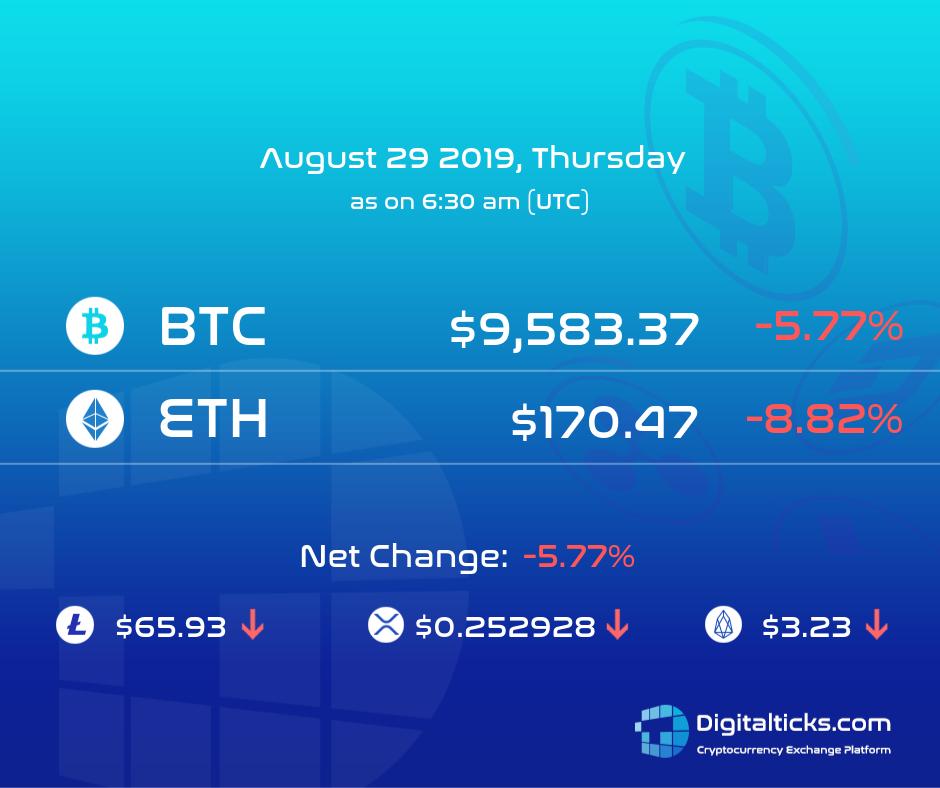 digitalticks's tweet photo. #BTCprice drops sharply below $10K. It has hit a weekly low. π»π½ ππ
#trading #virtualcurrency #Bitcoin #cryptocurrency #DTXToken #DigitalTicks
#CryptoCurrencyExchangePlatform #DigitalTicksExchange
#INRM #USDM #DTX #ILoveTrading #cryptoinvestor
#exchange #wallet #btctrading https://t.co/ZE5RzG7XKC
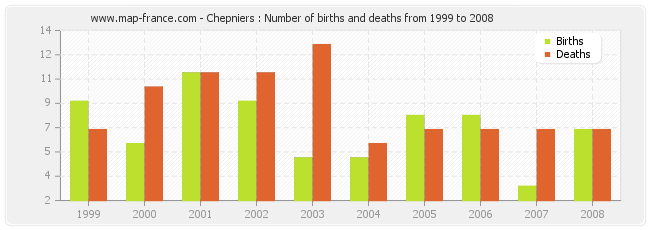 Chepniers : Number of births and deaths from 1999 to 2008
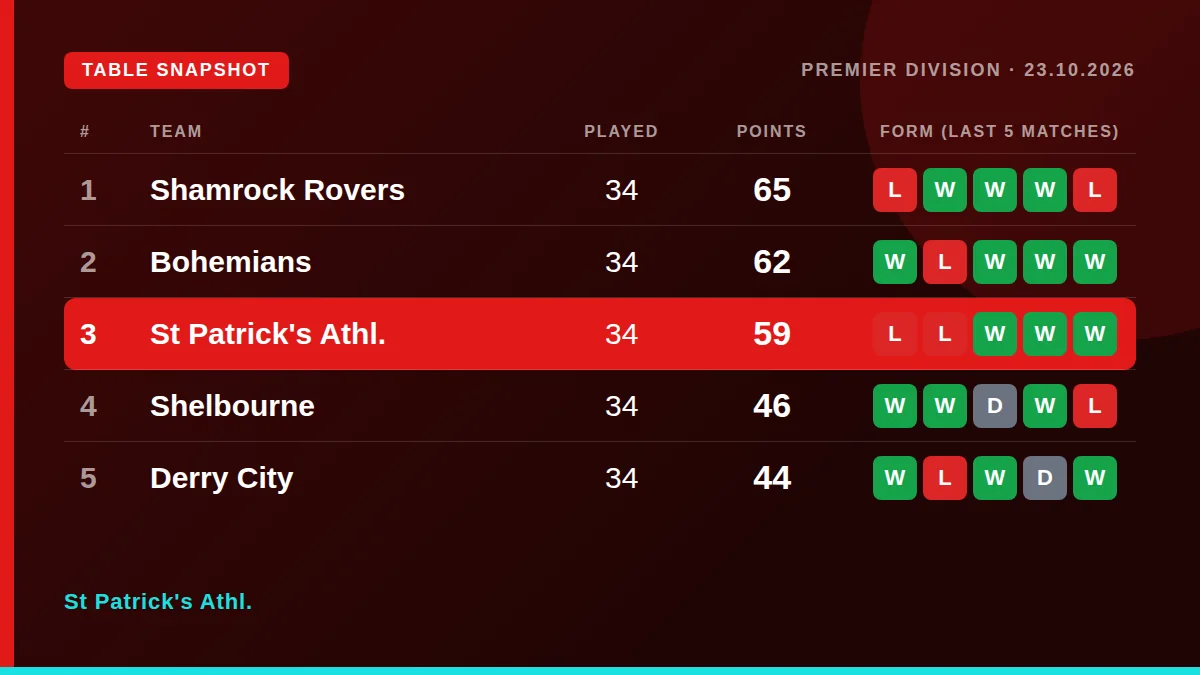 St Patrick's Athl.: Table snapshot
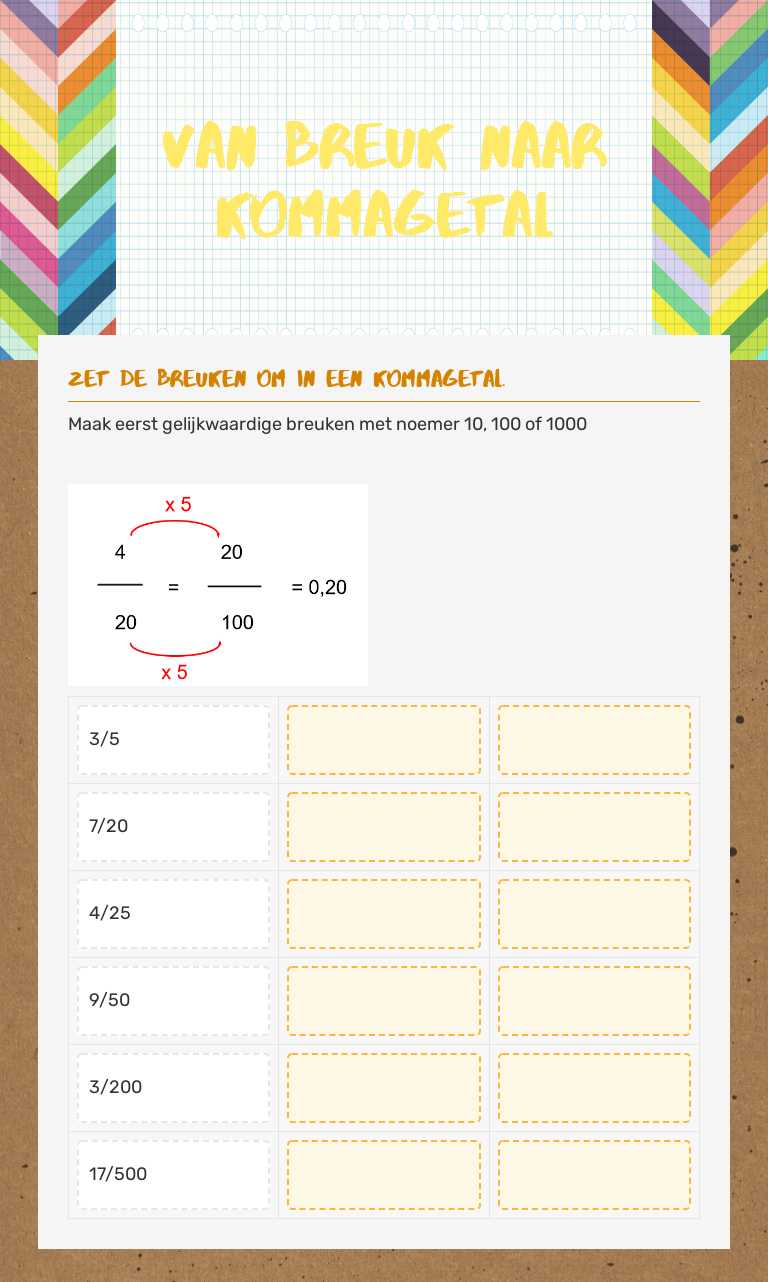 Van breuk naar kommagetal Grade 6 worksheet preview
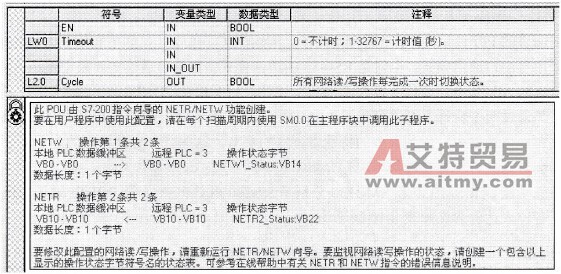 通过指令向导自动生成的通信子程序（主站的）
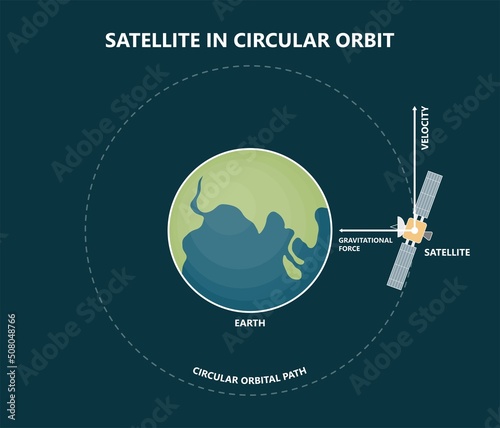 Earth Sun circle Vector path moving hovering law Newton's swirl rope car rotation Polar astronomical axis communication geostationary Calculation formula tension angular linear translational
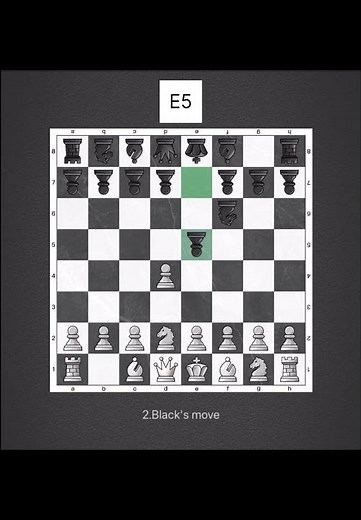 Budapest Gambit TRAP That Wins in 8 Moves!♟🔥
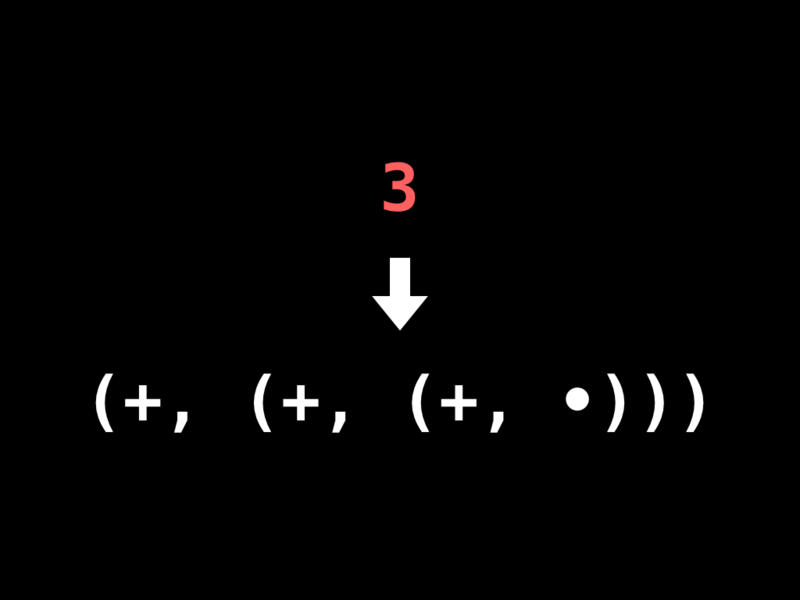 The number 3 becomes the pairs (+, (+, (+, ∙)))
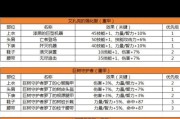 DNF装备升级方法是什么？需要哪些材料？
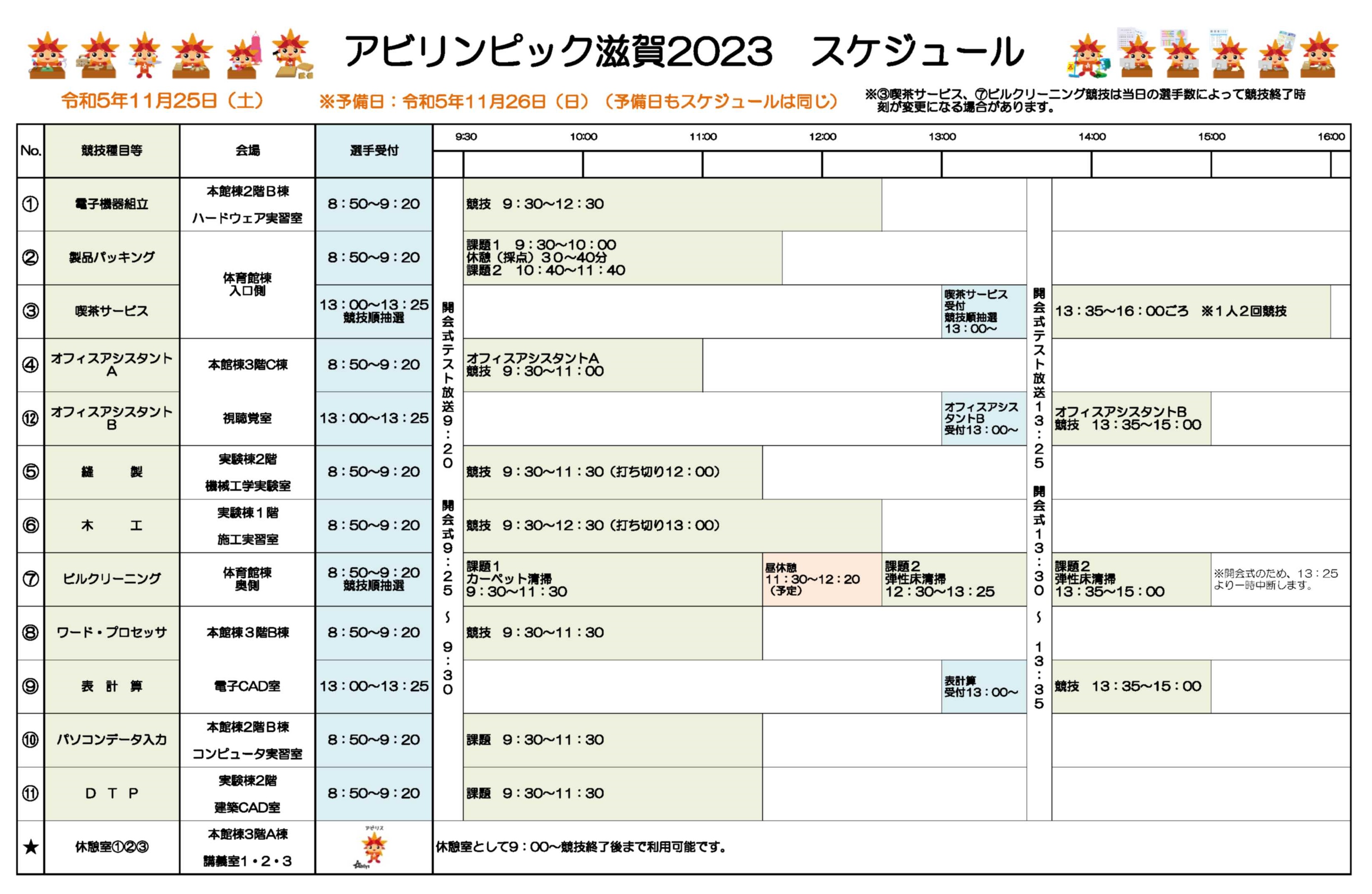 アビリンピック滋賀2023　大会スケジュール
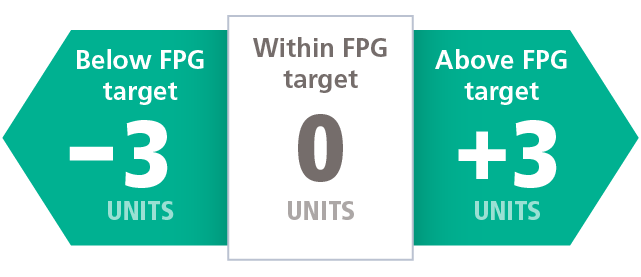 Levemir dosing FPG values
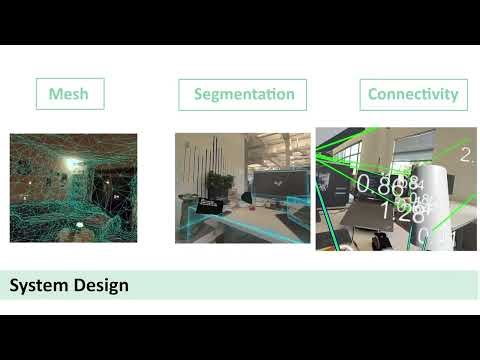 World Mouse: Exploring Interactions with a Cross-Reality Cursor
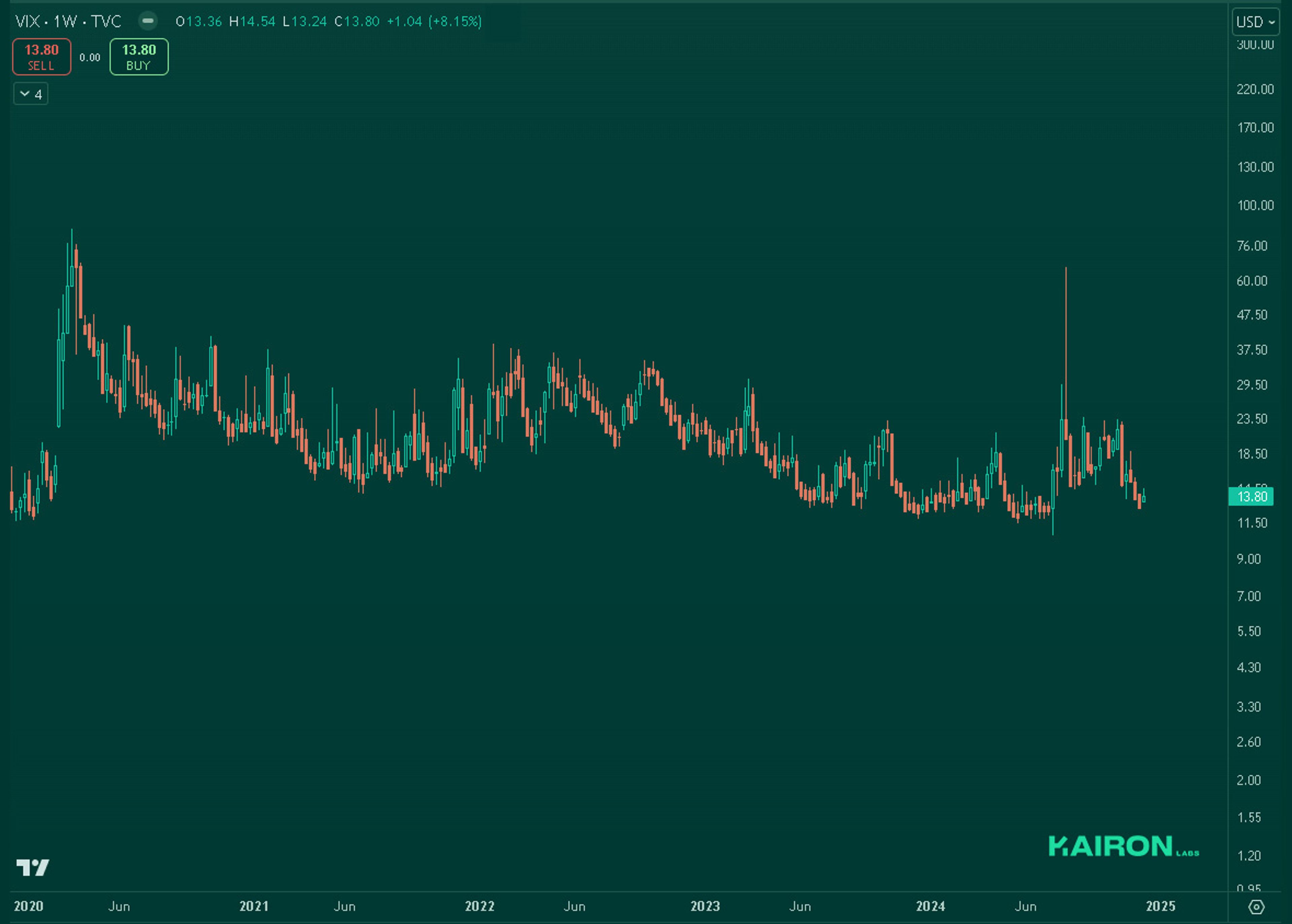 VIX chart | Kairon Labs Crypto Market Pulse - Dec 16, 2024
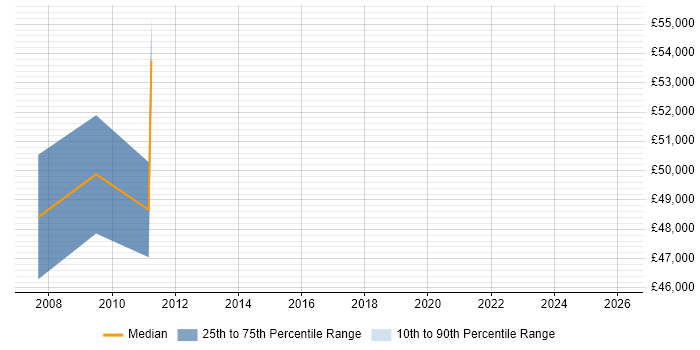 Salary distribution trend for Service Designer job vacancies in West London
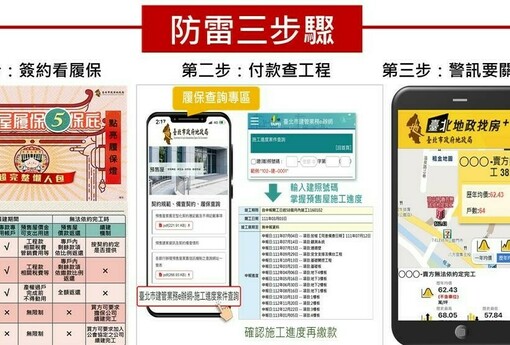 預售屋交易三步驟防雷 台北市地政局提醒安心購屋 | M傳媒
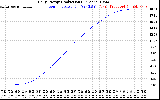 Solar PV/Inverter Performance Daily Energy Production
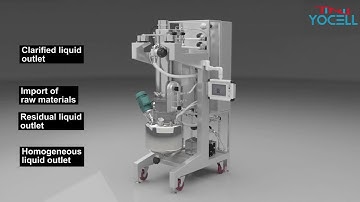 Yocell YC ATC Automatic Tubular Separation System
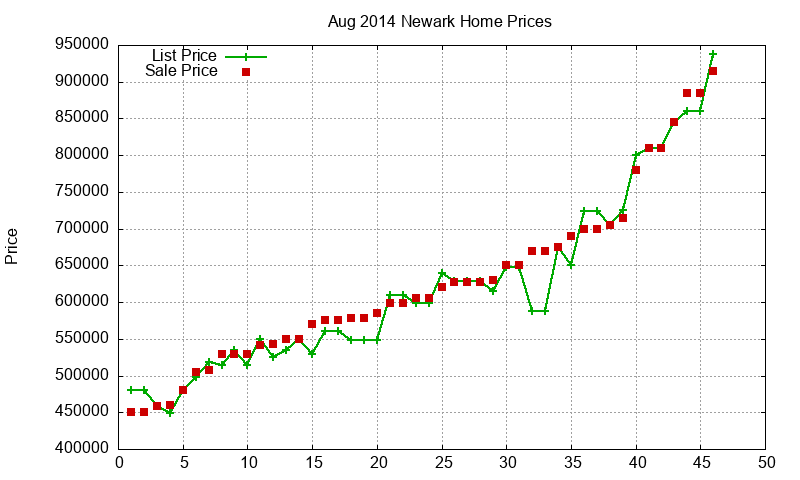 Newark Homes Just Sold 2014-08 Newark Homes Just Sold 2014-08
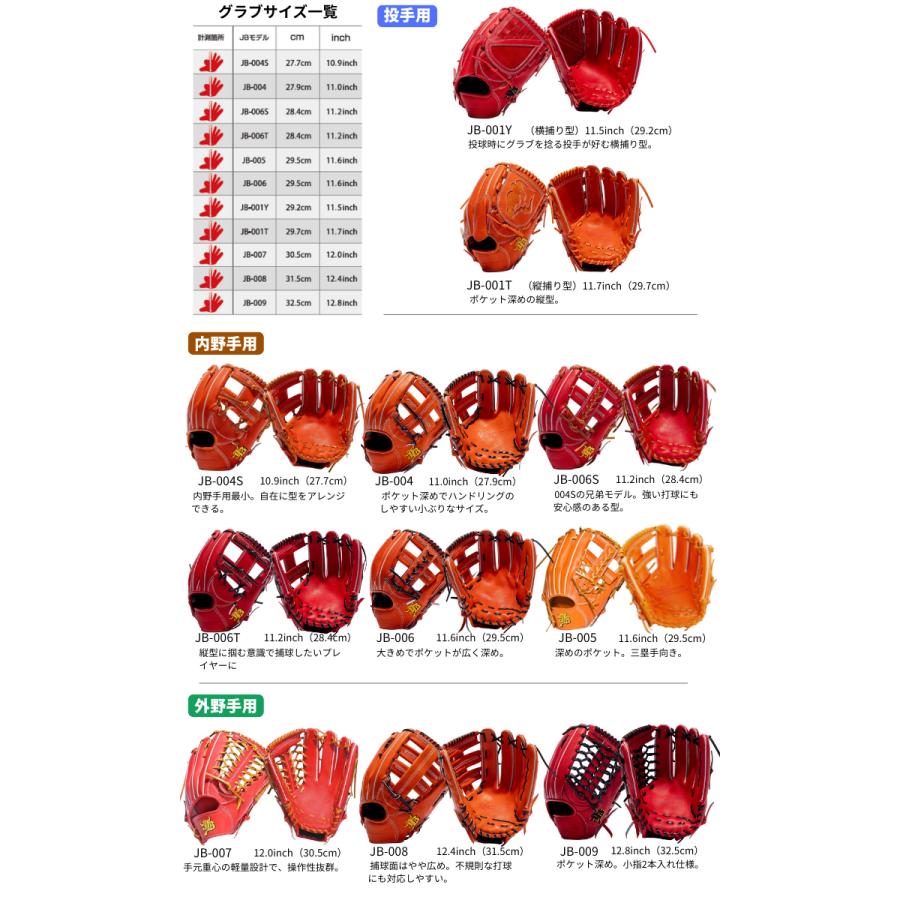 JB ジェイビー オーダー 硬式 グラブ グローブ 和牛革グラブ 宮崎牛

Aim of the task — Starting at the first line of the records and stopping after the line with "#INRM #USDM #DTX", copy each line exactly; pictures stay out.

Answer section —
 digitalticks's tweet photo. #BTCprice drops sharply below $10K. It has hit a weekly low. π»π½ ππ
#trading #virtualcurrency #Bitcoin #cryptocurrency #DTXToken #DigitalTicks
#CryptoCurrencyExchangePlatform #DigitalTicksExchange
#INRM #USDM #DTX #ILoveTrading #cryptoinvestor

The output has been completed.